“Why Me?” This one question became a constant voice in my head after I heard the words ‘Down Syndrome’ and that added note that ‘your daughter isn’t normal’ from that Doctor! I remember the crying through the days and the growling through the nights. When all I could think of was ‘how this whole thing was a terrible mistake’ and ‘how this wasn’t meant to happen to me’. I believed I was a fairly lucky, almost like God’s favorite! He could’t have done this to me!
I always believed I had it better than many. A fairly good childhood, a great husband, beautiful son, stable career. This was not supposed to happen to me. It only happens to other people! This is not how I planned my life. I used to have weird conversation in my head with God asking him why he did this to me? I don’t even pray. I am almost like a nonbeliever: then why me? Was he punishing me? But, He is God! He shouldn’t do that!
I am sure; like me, a lot of parents must’ve asked this question without any answer. So I thought of trying to solve the puzzle myself. And like a market research ( which was a subject I studied) I thought of randomly selecting 20 parents of children with special needs (of course without telling them) that I knew and tried to see if they have anything in common!
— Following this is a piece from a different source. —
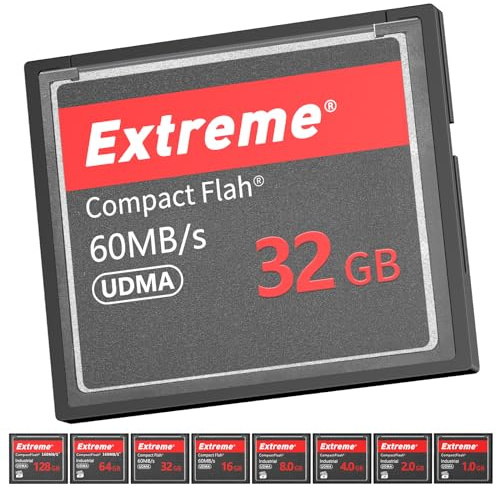 Scheda della fotocamera ottica br&td della scheda di memoria flash compatta (32GB)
And to my surprise, they did!
While I know my pointers could be for fun, prejudiced and not completely correct for the entire population of parents of special-needs children but if more than 60-70% were falling into a category, I knew they belonged there! Majority always wins!
Most of the parents in my research group are inherently joyful people ( or was it in my head?) No, they are actually happy) They have great sense of humor, can laugh at themselves, have a positive vibe, know how to smile and live life to the fullest. I have never come across any parent with a special needs child who is grumpy by nature.
To drive the point home, I would like to mention a dialogue from my favorite movie ‘Before Sunset.’
For those who have not seen the movie, You must, and for those who have, Great choice! Describing it only as ‘two strangers, choosing to spend a night walking and talking would be an injustice. It is an intelligent film, which needs a watch! Anyway back to the point, here is the dialogue…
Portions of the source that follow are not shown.